**WHAT YOU HAVE TO DO**
Beginning with the line containing "Ford Puma Gen-E" and going on through the line containing "Land-Rover Range Rover", the lines below are to be returned exactly, pictures excluded and nothing added.

**EXTRACTED MATERIAL**
◇ ◇ ◇ ◇ ◇
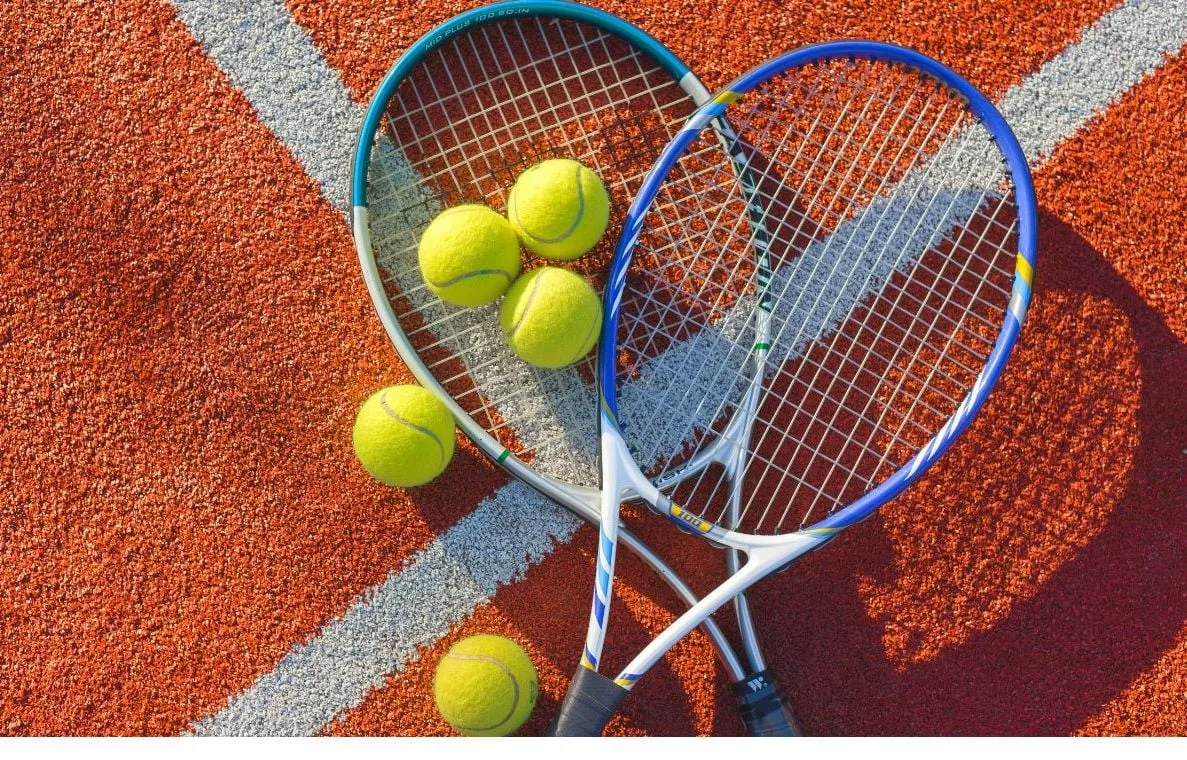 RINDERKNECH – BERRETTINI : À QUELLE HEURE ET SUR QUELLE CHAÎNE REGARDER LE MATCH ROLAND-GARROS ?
◇ ◇ ◇ ◇ ◇
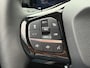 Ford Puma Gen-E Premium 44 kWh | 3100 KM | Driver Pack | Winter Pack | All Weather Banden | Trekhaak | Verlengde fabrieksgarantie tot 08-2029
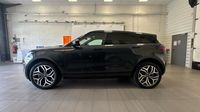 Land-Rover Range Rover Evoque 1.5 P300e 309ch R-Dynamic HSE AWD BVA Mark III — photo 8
◇ ◇ ◇ ◇ ◇
**SOLUTION TO THE EXERCISE**
 Ford Puma Gen-E Premium 44 kWh | 3100 KM | Driver Pack | Winter Pack | All Weather Banden | Trekhaak | Verlengde fabrieksgarantie tot 08-2029
 Land-Rover Range Rover Evoque 1.5 P300e 309ch R-Dynamic HSE AWD BVA Mark III — photo 8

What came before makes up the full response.